In a poll of 527 headteachers from England, Wales and Northern Ireland, headteachers reported that exam anxiety was causing high rates of pupil absence, with eight in 10 headteachers saying their pupils are more stressed and anxious about exams this year.
It comes after Prince Charles delivered the Queen’s speech in the House of Lords on Tuesday, outlining what the government expects to achieve over the next 12 months.
Some heads said there had been a rise in self-harm incidents, with several reporting that A-level pupils, who will have never taken a full suite of public exams before, experiencing the worst anxiety.

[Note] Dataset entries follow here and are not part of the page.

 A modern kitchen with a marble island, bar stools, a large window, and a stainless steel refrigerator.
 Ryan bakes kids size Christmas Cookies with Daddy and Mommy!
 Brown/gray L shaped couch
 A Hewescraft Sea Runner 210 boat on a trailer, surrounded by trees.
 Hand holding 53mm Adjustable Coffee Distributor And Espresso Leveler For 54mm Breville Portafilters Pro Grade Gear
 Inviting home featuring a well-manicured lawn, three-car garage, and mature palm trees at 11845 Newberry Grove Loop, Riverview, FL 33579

Schools and colleges have put in extra support such as more counselling and revision technique tips but are struggling to cope because of the pressure on available space and the number of invigilators, the survey found.
Labour MP for Portsmouth South, Stephen Morgan, said: ‘After two years of unprecedented chaos and disruption to children’s education, we saw nothing to support children’s catch-up learning in the classroom, and nothing to tackle the day-to-day challenges pupils and teachers are facing.

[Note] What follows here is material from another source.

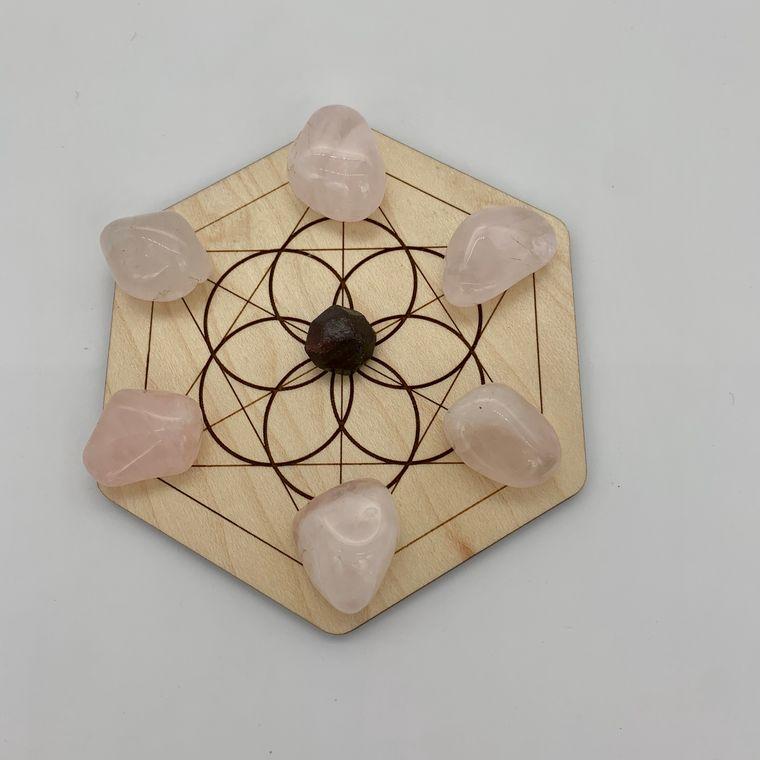 Mini Crystal Love Grid made of maple wood with six rose quartz stones and one garnet, designed to amplify love intentions.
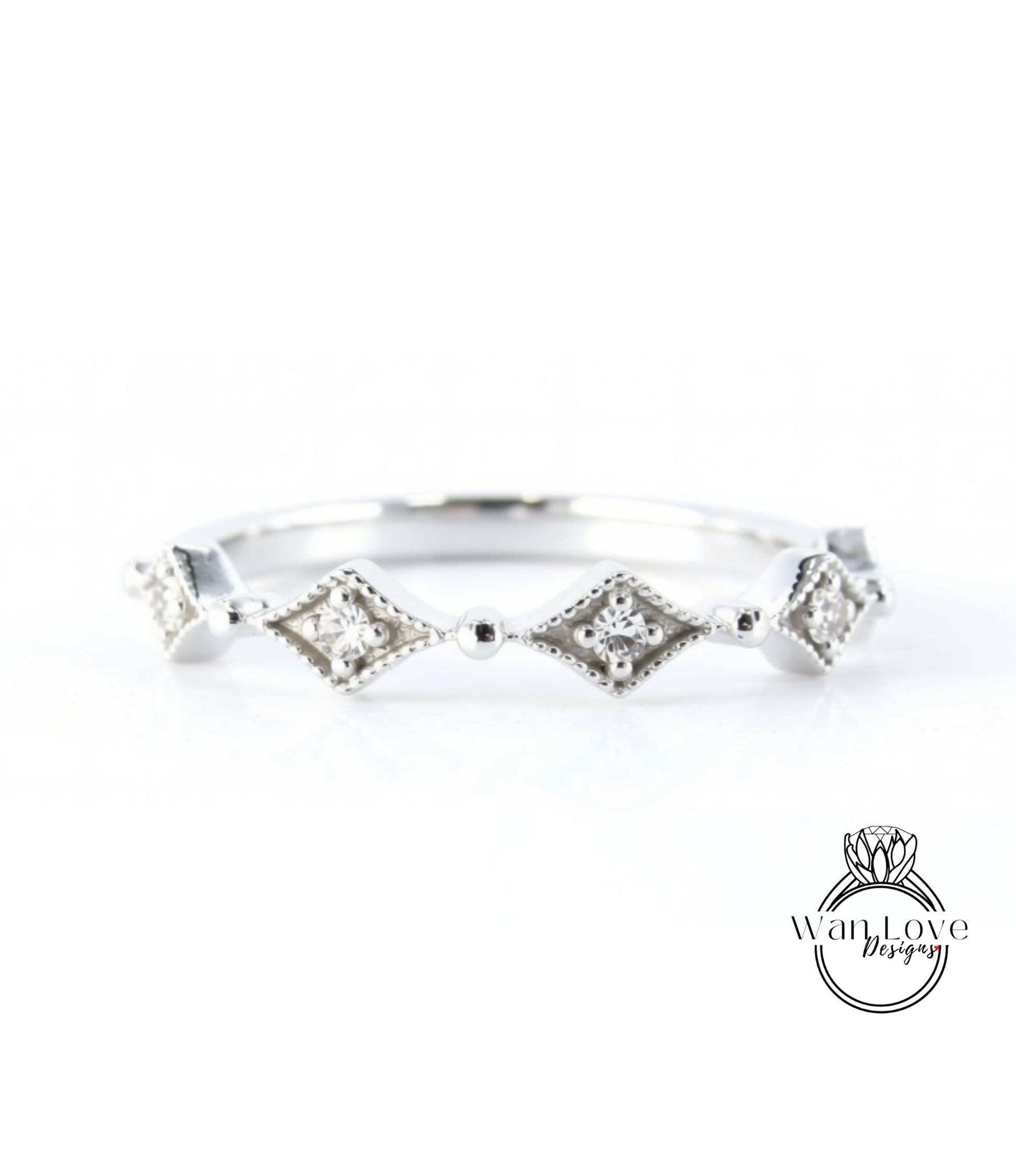 A silver ring with a row of diamond-shaped stones set in a decorative pattern.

‘This government is failing our next generation.
‘Labour in government would recruit 6,500 new teachers, back them with improved professional development and ensure every young person leaves education ready for work and ready for life.’
A spokesperson for the Department for Education said: ‘It’s normal for exams to feel stressful for some young people and we recognise that may particularly be the case this year.
‘Teachers know their pupils best and are well placed to work with them.’